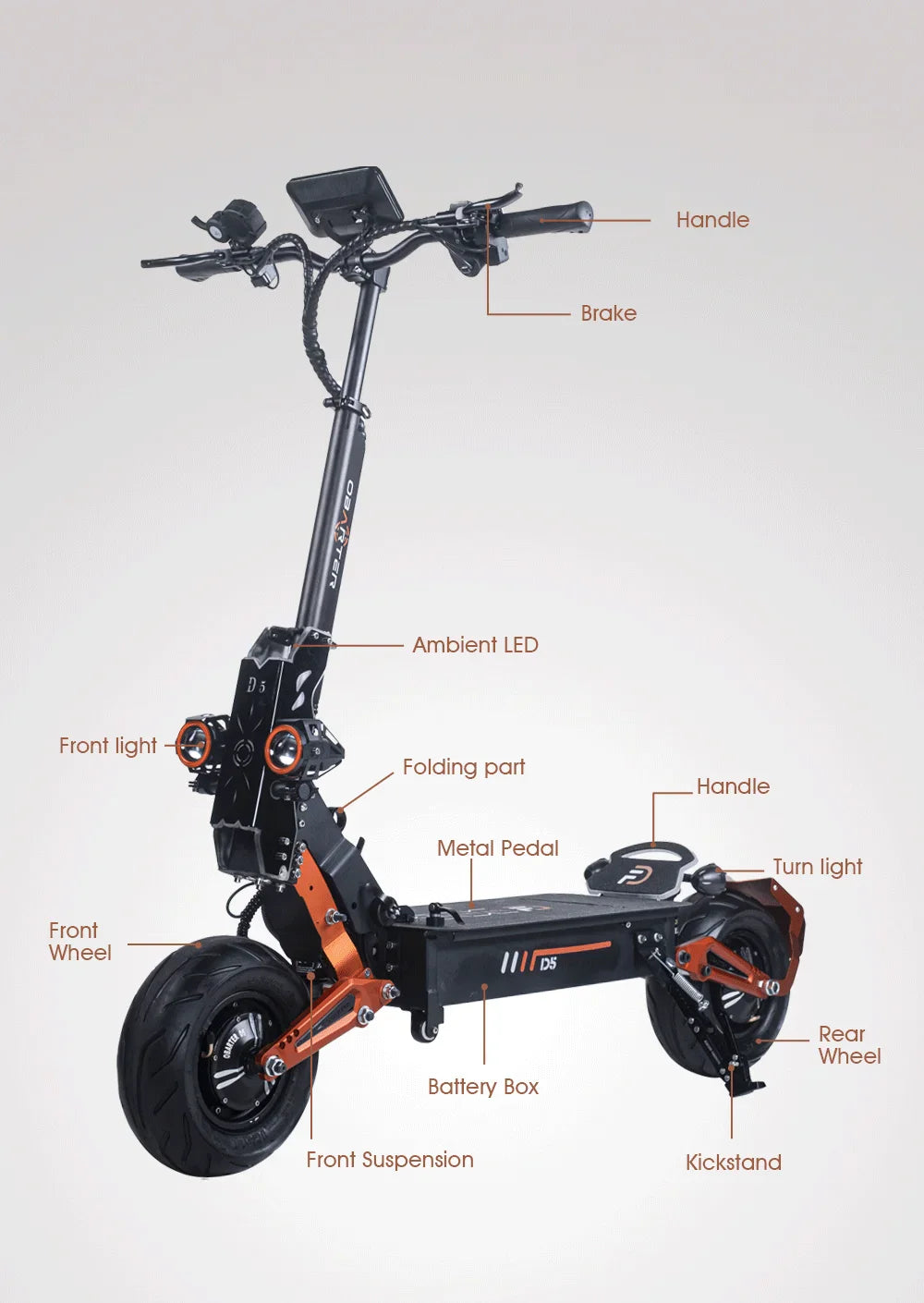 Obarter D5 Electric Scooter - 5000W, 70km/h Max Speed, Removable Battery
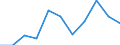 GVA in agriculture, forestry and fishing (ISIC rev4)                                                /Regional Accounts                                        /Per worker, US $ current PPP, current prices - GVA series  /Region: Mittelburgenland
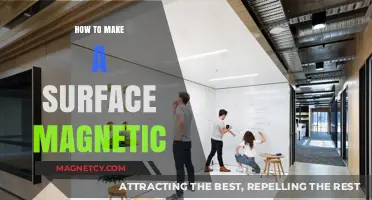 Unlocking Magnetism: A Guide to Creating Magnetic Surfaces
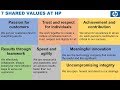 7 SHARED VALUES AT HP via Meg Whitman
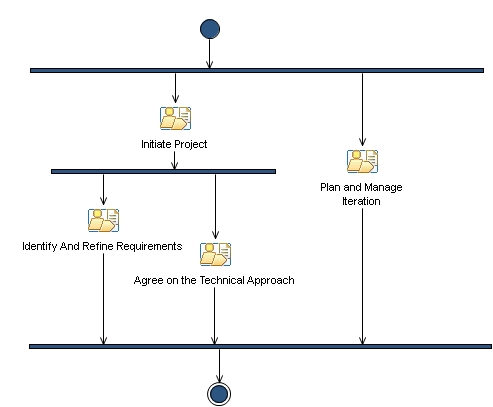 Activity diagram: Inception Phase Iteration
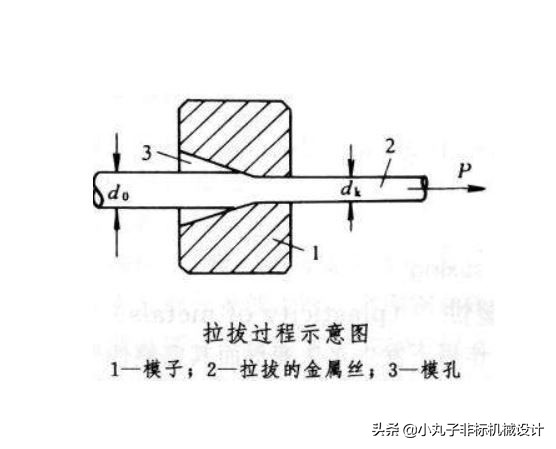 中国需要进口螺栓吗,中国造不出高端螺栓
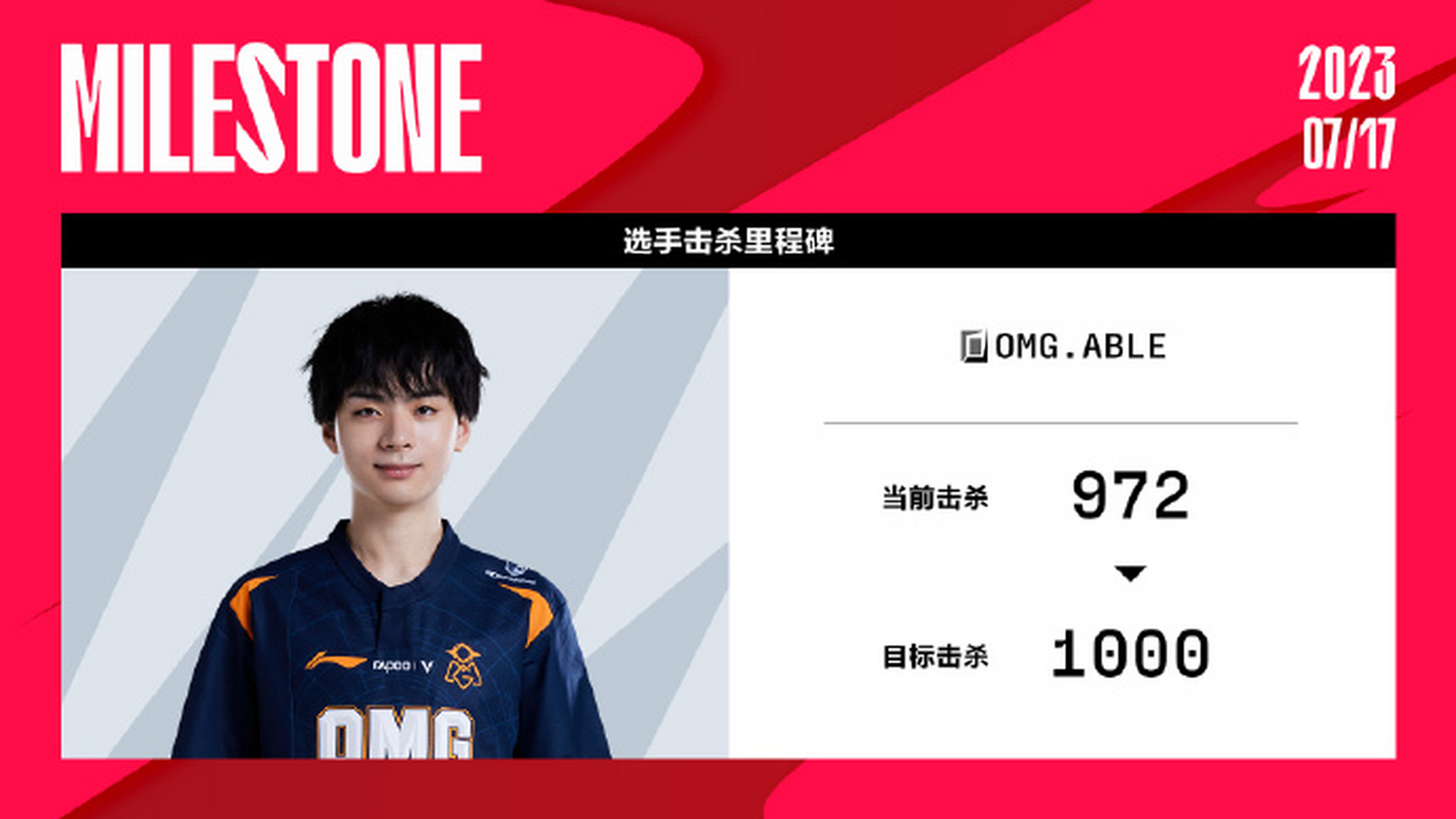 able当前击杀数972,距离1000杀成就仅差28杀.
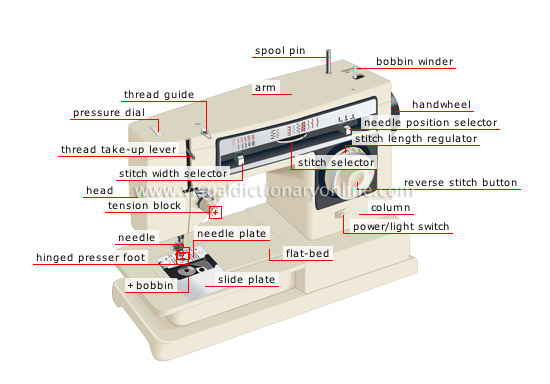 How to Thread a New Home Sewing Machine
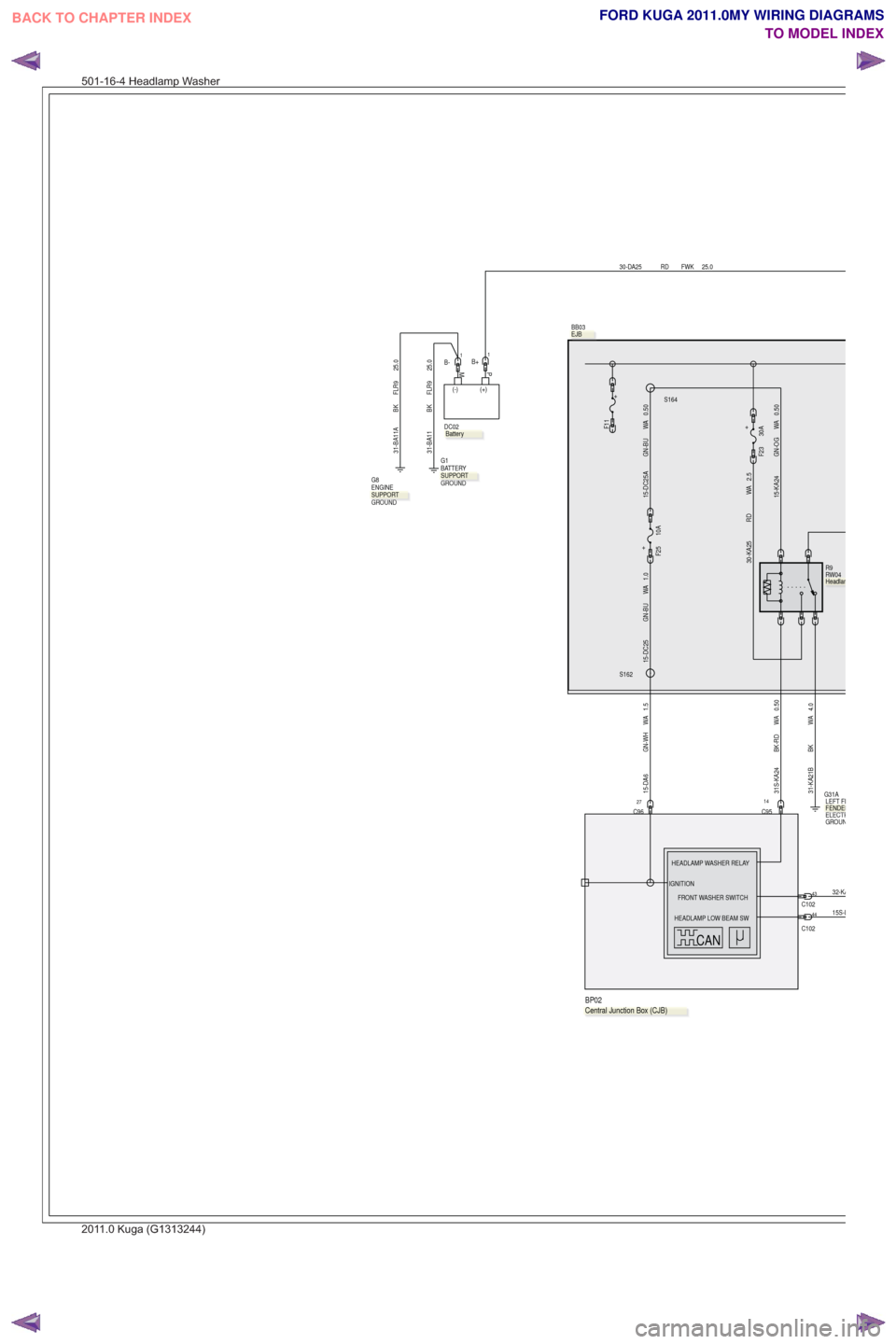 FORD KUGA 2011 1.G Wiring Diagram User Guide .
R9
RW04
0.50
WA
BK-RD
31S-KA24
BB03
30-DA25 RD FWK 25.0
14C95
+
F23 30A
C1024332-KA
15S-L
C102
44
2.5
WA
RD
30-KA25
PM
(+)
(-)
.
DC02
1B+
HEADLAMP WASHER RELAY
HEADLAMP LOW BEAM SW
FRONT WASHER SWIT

++++++++++

▶ Work task:
I would like you to retype exactly the lines running from the one containing "GVA in agriculture, forestry" to the last line of the entries, both included, leaving all pictures out.

▶ Answer section:
 GVA in agriculture, forestry and fishing (ISIC rev4)                                                /Regional Accounts                                        /Per worker, US $ current PPP, current prices - GVA series  /Region: Mittelburgenland
 Unlocking Magnetism: A Guide to Creating Magnetic Surfaces
 7 SHARED VALUES AT HP via Meg Whitman
 Activity diagram: Inception Phase Iteration
 中国需要进口螺栓吗,中国造不出高端螺栓
 able当前击杀数972,距离1000杀成就仅差28杀.
 How to Thread a New Home Sewing Machine
 FORD KUGA 2011 1.G Wiring Diagram User Guide .
R9
RW04
0.50
WA
BK-RD
31S-KA24
BB03
30-DA25 RD FWK 25.0
14C95
+
F23 30A
C1024332-KA
15S-L
C102
44
2.5
WA
RD
30-KA25
PM
(+)
(-)
.
DC02
1B+
HEADLAMP WASHER RELAY
HEADLAMP LOW BEAM SW
FRONT WASHER SWIT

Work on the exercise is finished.